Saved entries
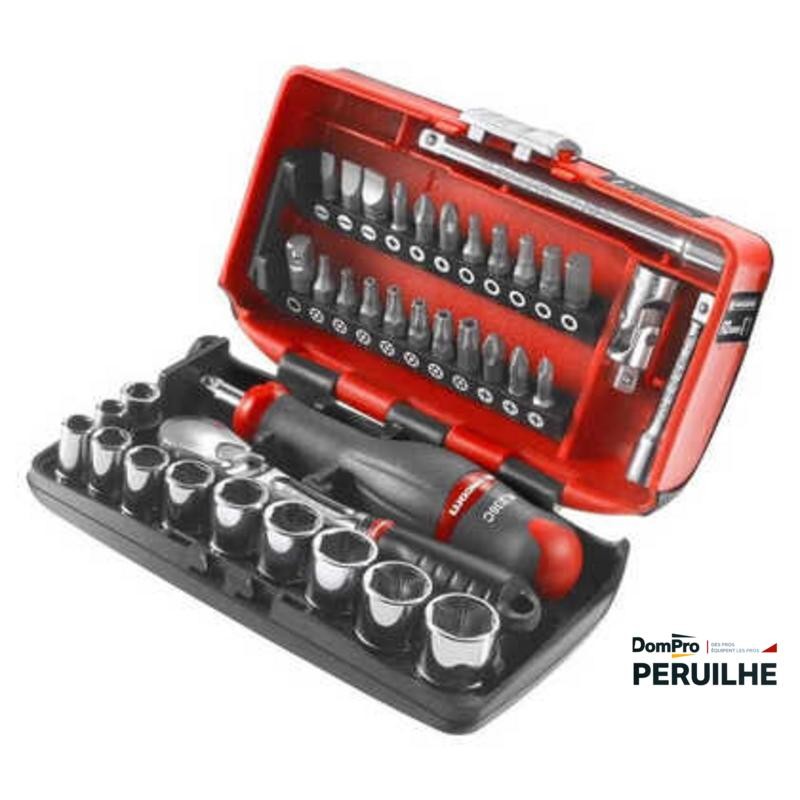 Coffret cliquet + douilles 1/4" 38 pcs | Peruilhe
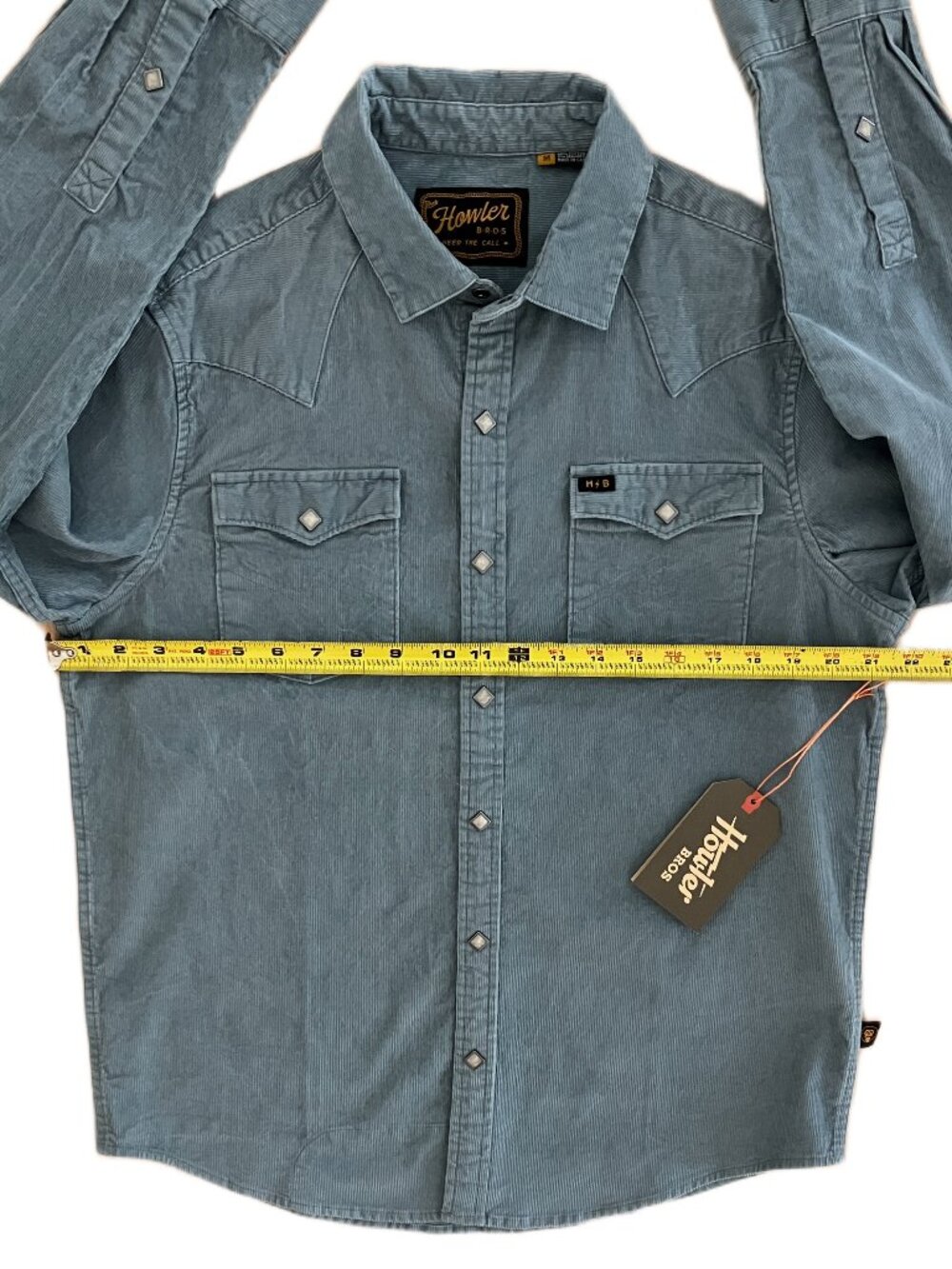 Howler Bros Brothers Banning Corduroy Snapshirt Mens M NWT MSRP$129 Iron Blue - Picture 8 of 12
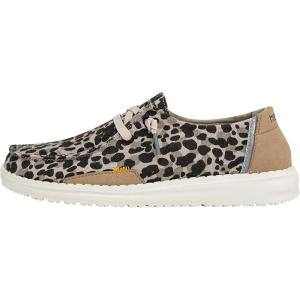 imageHey Dude Womens Wendy Linen  Womens Shoes  Womens Lace Up Loafers  Comfortable ampamp LightWeightLeopard Beige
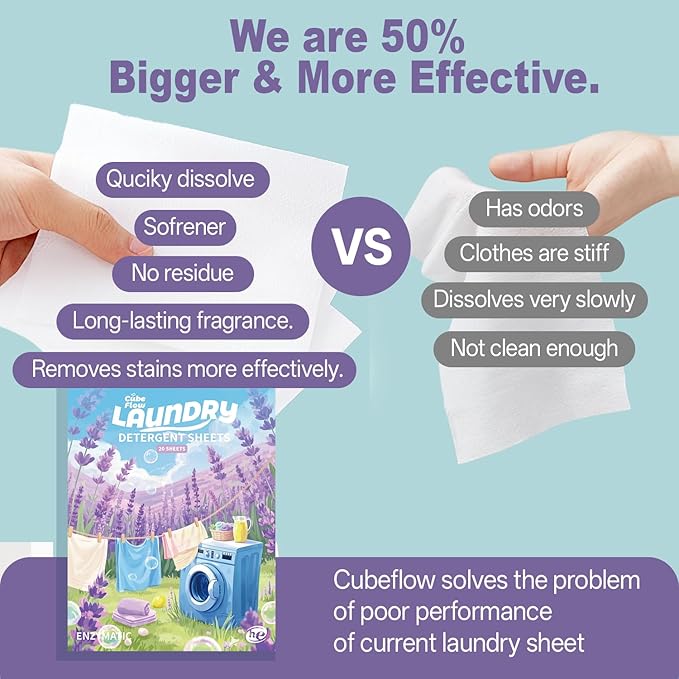 Laundry Detergent Sheets, Lavender Scent - 40 Loads |Effective & Eco-Conscious Cleaning| Pre-Measured, Liquidless for Deep Clean | Hypoallergenic, Washing Soda Travel Laundry Soap Strips
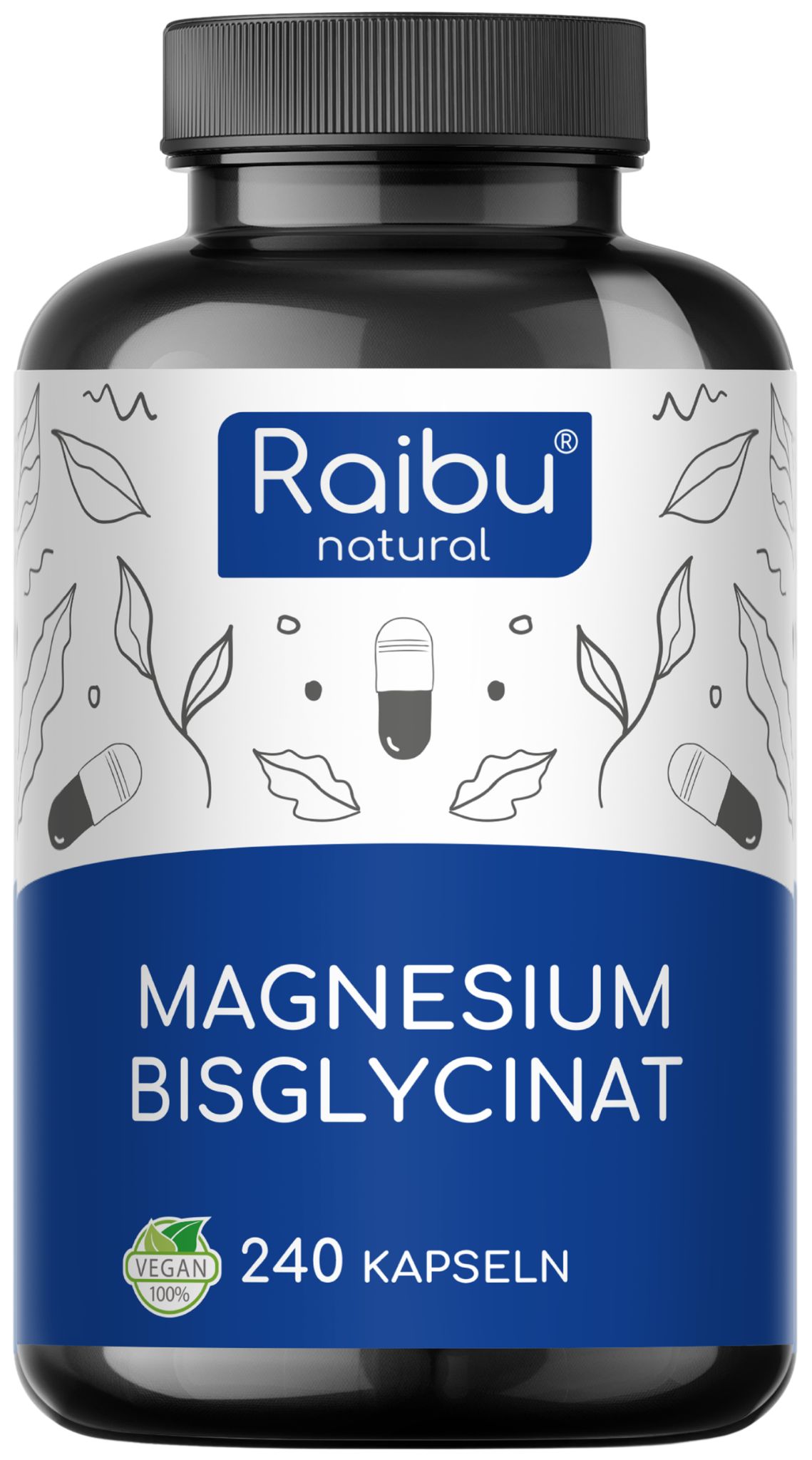 Magnesiumbisglycinat-Kapseln in einer schwarzen Flasche. 240 Kapseln. Vegan-Siegel.
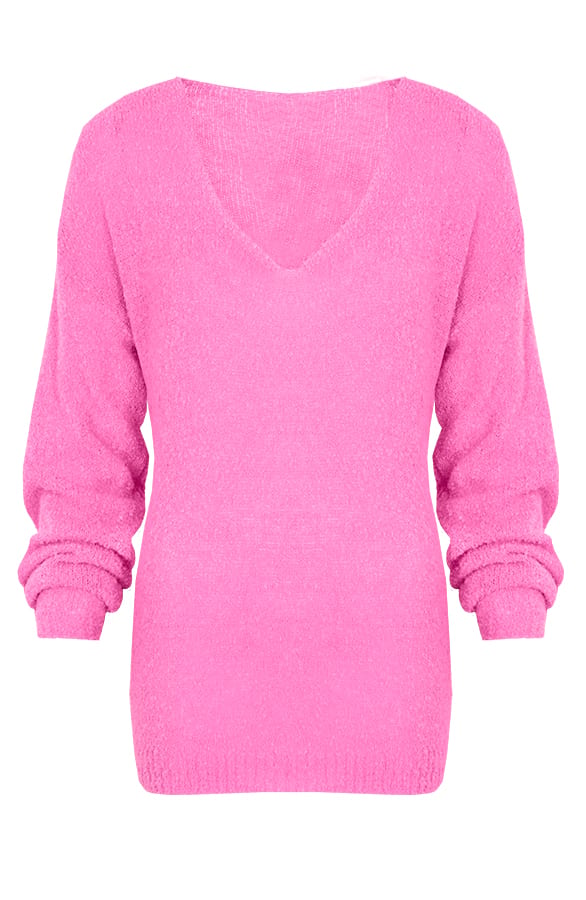 Fluffy Oversized Trui Fuchsia – shoparchief, foto 1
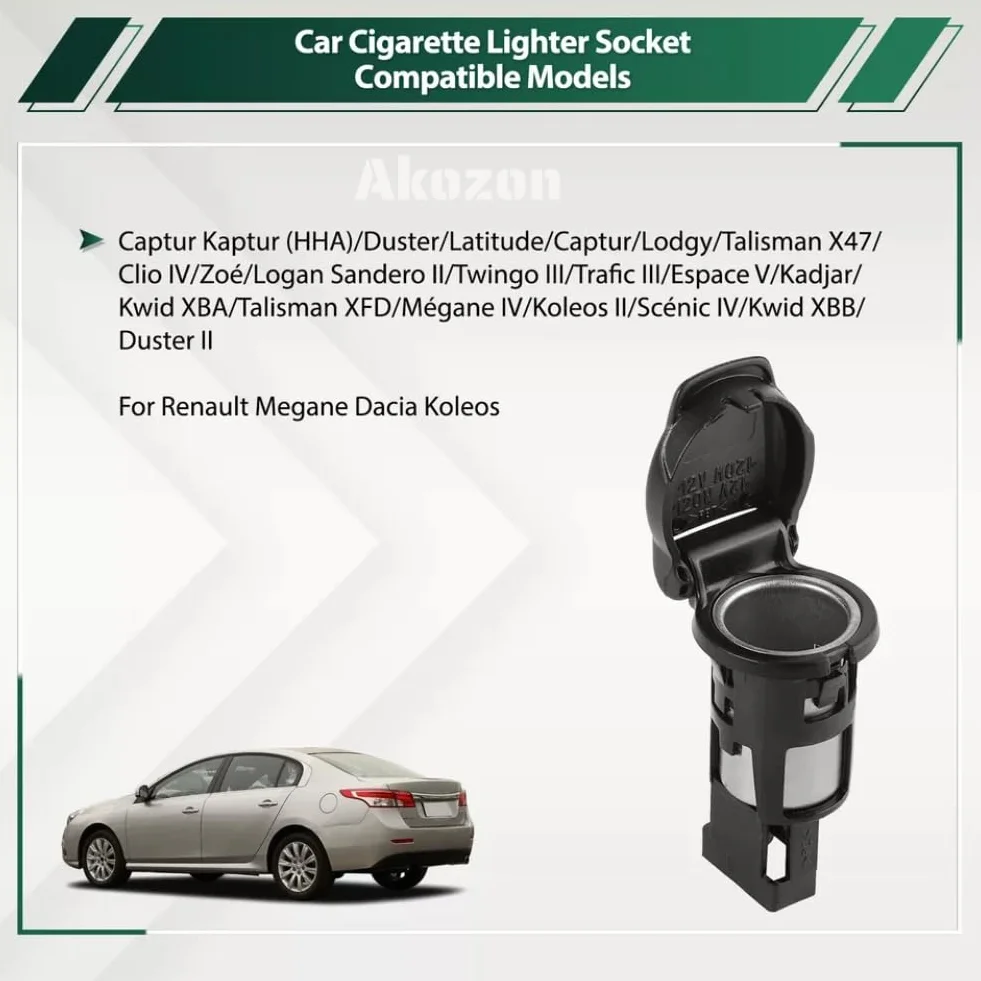 Samochodowe Gniazdo Zasilania, Akozon 253312923R Zapalniczka Samochodowa 12V 120W Gniazdo Zapalniczki Samochodowej dla dla Koleos dla Dacii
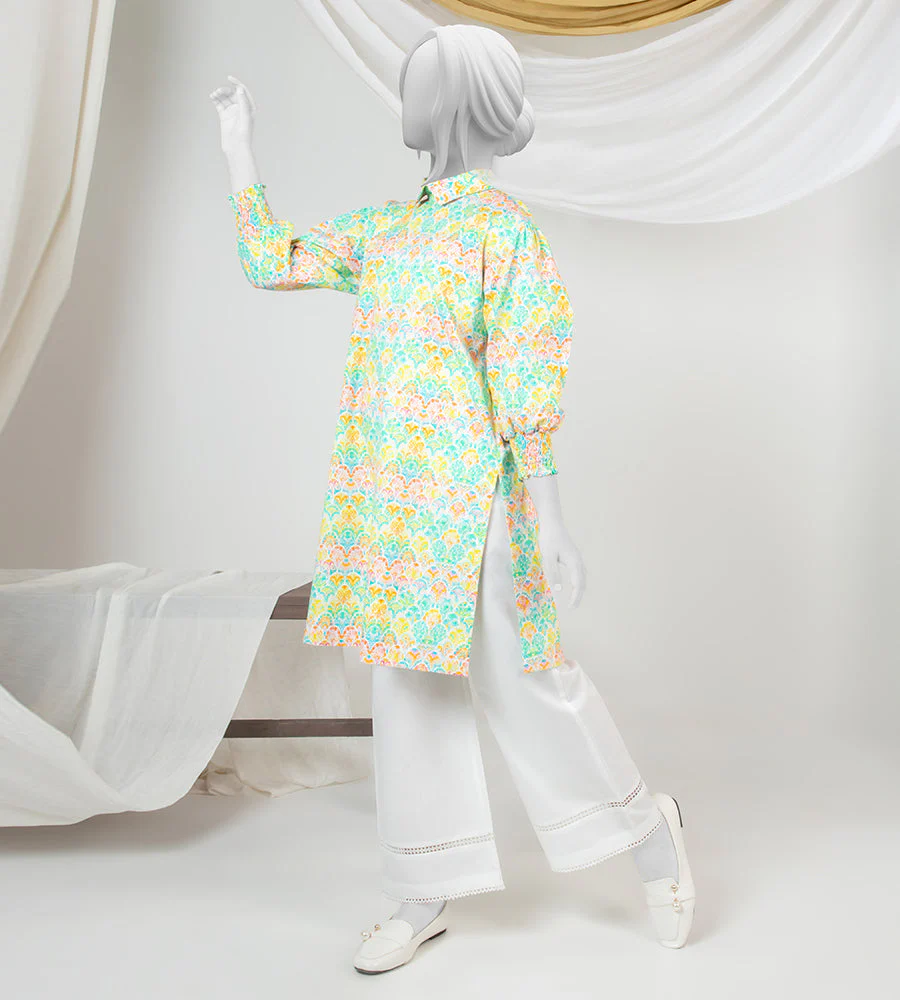Girl's Stitched Poly Lawn Kurti - Image 2
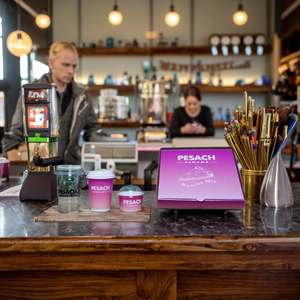 AT PACK <span class=keywords><strong>Support</strong></span> Boissons <span class=keywords><strong>à</strong></span> Emporter pour <span class=keywords><strong>Café</strong></span>, Porte-Gobelet Écologique en Carton pour 2 Tasses, Porte-Boisson Chaude avec Poignée - Product Image 4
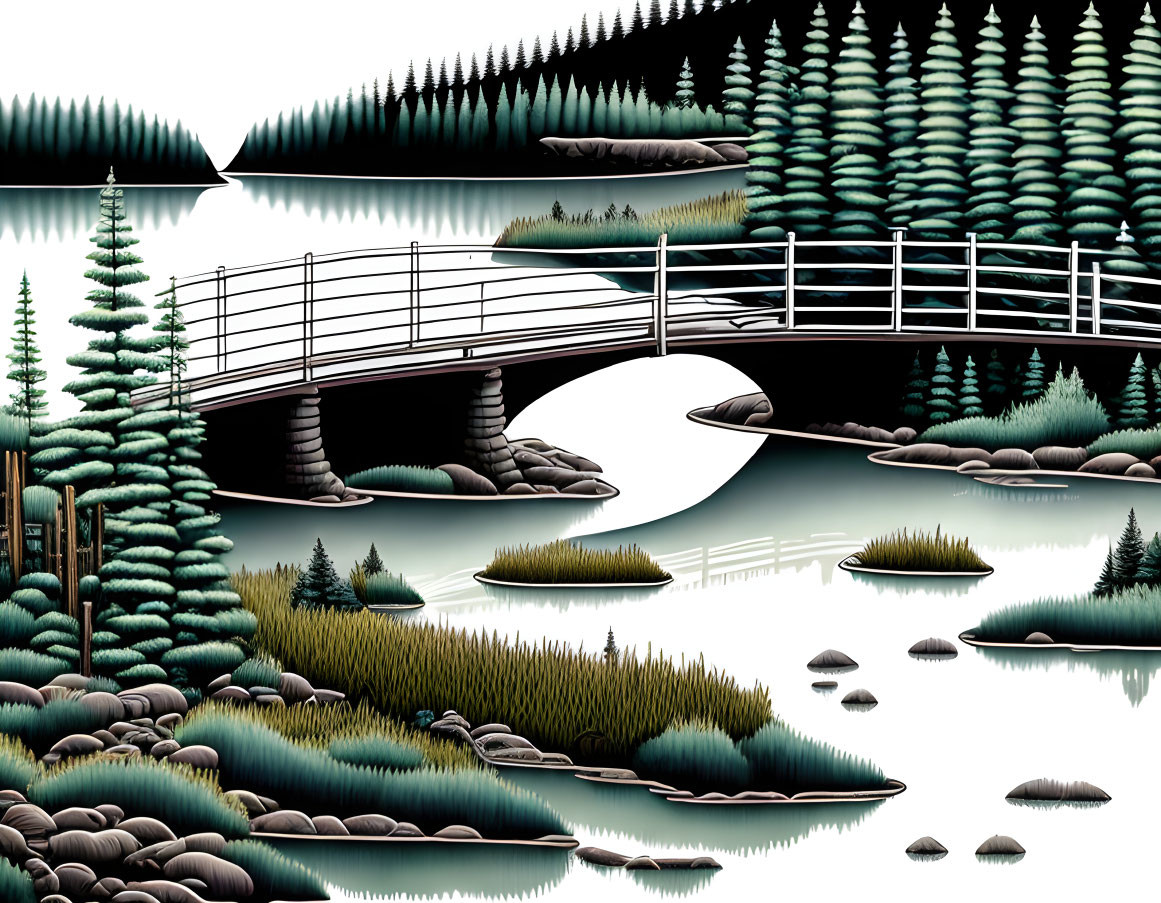 Tranquil digital art: river, bridge, pine trees, grassy islets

> **Exercise directions**
Output all lines above precisely. Pictures are to be left out.

> **Response area**
 Coffret cliquet + douilles 1/4" 38 pcs | Peruilhe
 Howler Bros Brothers Banning Corduroy Snapshirt Mens M NWT MSRP$129 Iron Blue - Picture 8 of 12
 imageHey Dude Womens Wendy Linen  Womens Shoes  Womens Lace Up Loafers  Comfortable ampamp LightWeightLeopard Beige
 Laundry Detergent Sheets, Lavender Scent - 40 Loads |Effective & Eco-Conscious Cleaning| Pre-Measured, Liquidless for Deep Clean | Hypoallergenic, Washing Soda Travel Laundry Soap Strips
 Magnesiumbisglycinat-Kapseln in einer schwarzen Flasche. 240 Kapseln. Vegan-Siegel.
 Fluffy Oversized Trui Fuchsia – shoparchief, foto 1
 Samochodowe Gniazdo Zasilania, Akozon 253312923R Zapalniczka Samochodowa 12V 120W Gniazdo Zapalniczki Samochodowej dla dla Koleos dla Dacii
Girl's Stitched Poly Lawn Kurti - Image 2
 AT PACK <span class=keywords><strong>Support</strong></span> Boissons <span class=keywords><strong>à</strong></span> Emporter pour <span class=keywords><strong>Café</strong></span>, Porte-Gobelet Écologique en Carton pour 2 Tasses, Porte-Boisson Chaude avec Poignée - Product Image 4
 Tranquil digital art: river, bridge, pine trees, grassy islets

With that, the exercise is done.